A suo modo "Letters" è un western. Un western bagnato dall'oceano. Non ci sarà il deserto dell'Arizona, ma quell'isola è un deserto ugualmente. E poi abbiamo la vita brada, gli accampamenti, i villaggi in cui c'è pure lo spazio per un uomo a cavallo, e infine le sparatorie, i morti ammazzati e il nemico. E se questa analisi filo-westerniana fosse accreditabile, non si tratterebbe di un'ingerenza della cultura americana nell'iconografismo giapponese. Infatti ogni popolo ha avuto il suo western (e non il suo West), ovvero la sua età dell'oro, vera o presunta, in cui collocare i sogni e i rimandi di un altrove e di un altrieri.
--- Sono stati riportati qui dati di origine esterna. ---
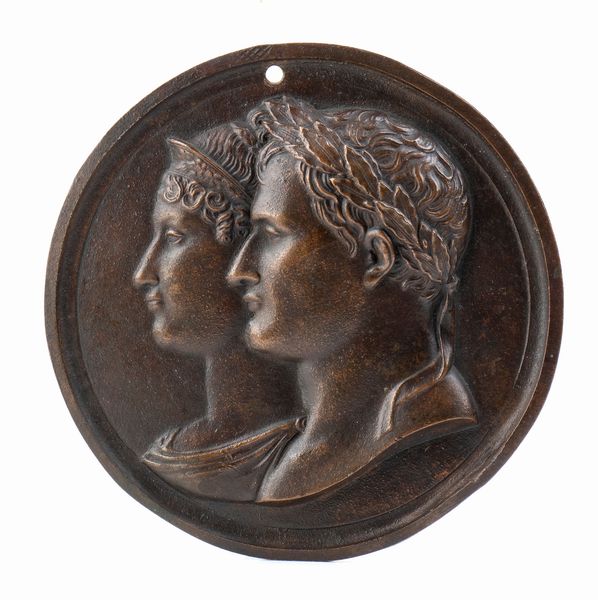 Medaglione in bronzo con i busti di Napoleone e Giuseppina  - Asta Militaria, Ordini cavallereschi, Napoleonica - Associazione Nazionale - Case d'Asta italiane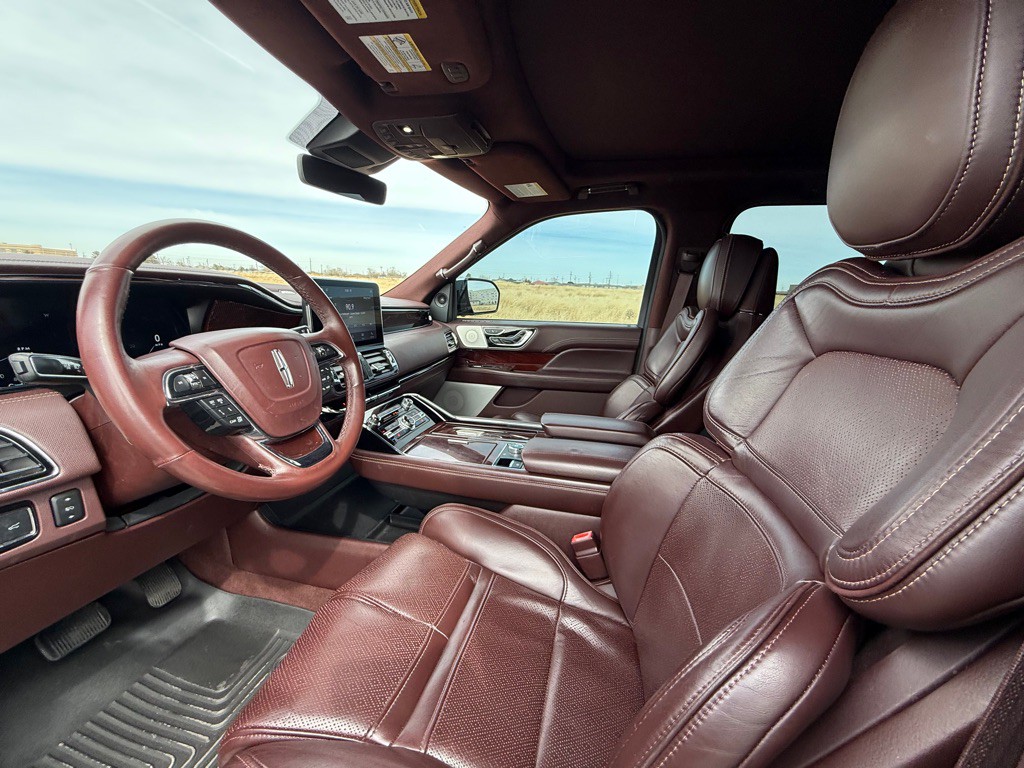2018 Lincoln Navigator Image 9
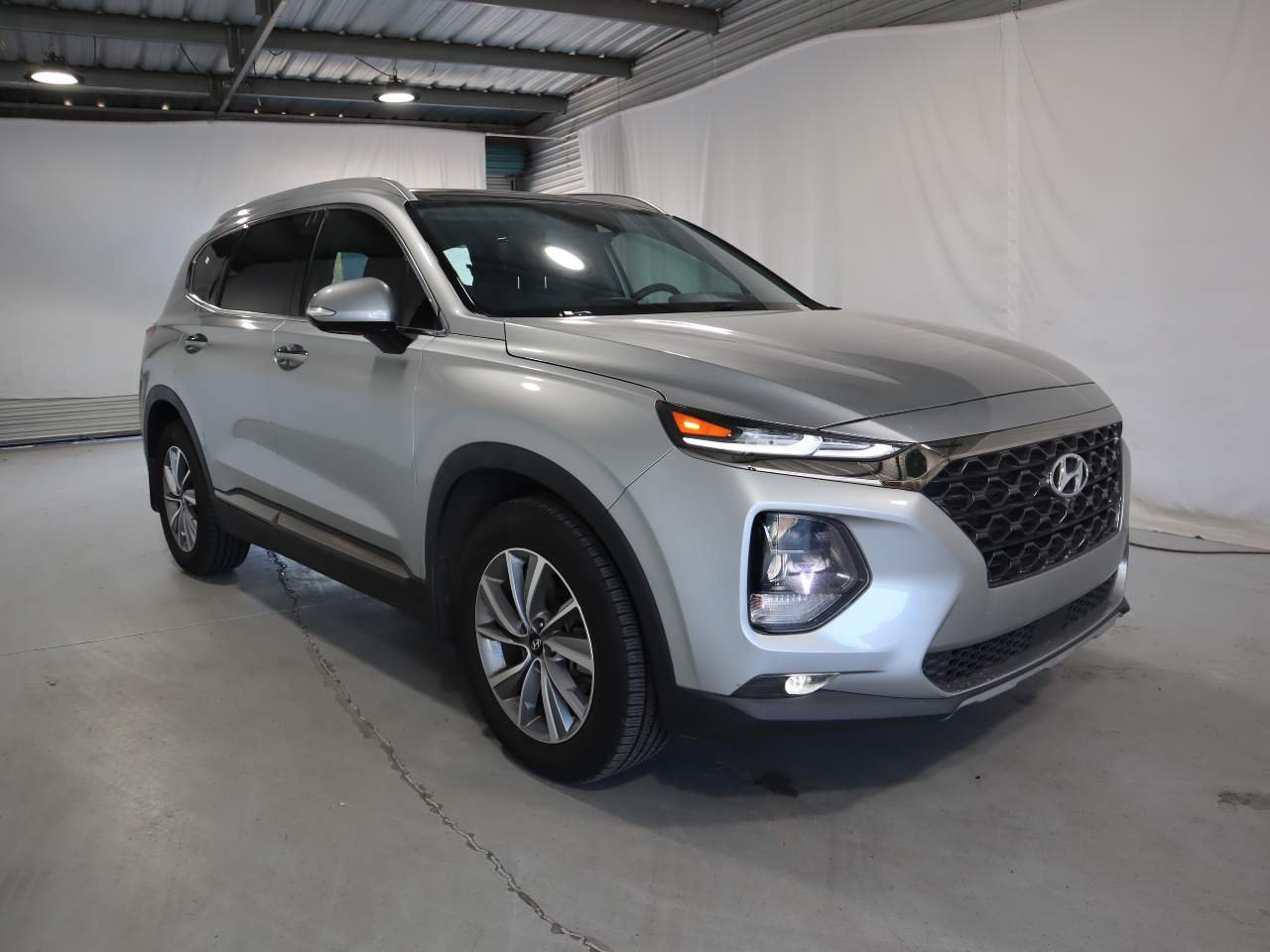 Used 2020 Shimmering Silver Hyundai Limited image 3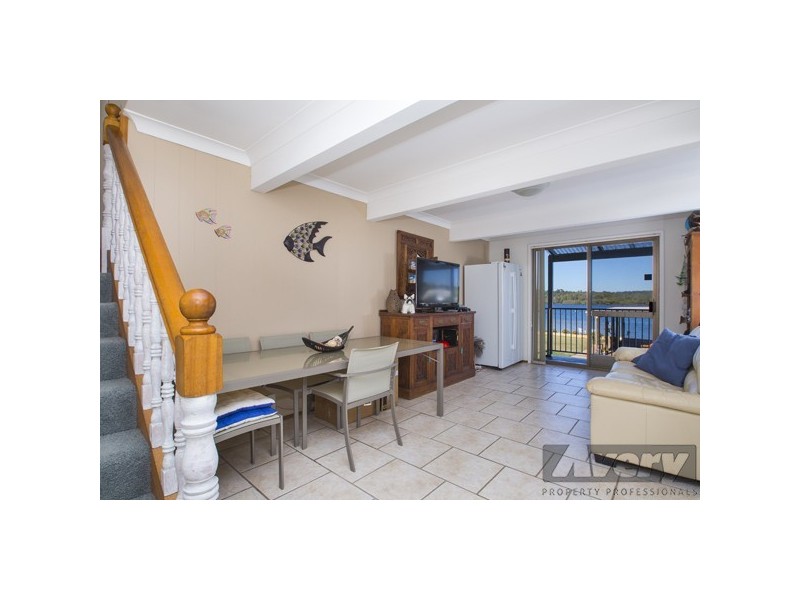 24 Edward Street, Fennell Bay NSW 2283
Clint, il più grande regista americano vivente, i cui film sono anticonformisti spesso solo in seconda lettura (e questa né è la grandezza), non fa altro che continuare a raccontare quell'altrove e quell'altrieri. E lo fa grazie alla fotografia desaturata di Tom Stern, che fa del luogo un non-luogo. Lo fa con l'iconografia, creando una set decoration estraniante in cui il dissociato protagonista, il davvero bravo e simpatico Kazunari Ninomiya, si muove come un uomo di vetro in un mondo di spigoli. La cosa strana del film, è che ti prende qualcosa in gola dall'inizio alla fine. Non riesci a capire se è per questa storia disarmante sulla ferocia della guerra, o se è il film stesso che dalle immagini ti conduce in un luogo dell'anima triste e nero. O forse commuove perchè a dirigere un film come questo è Clint Eastwood. Con tutto ciò che si porta dietro.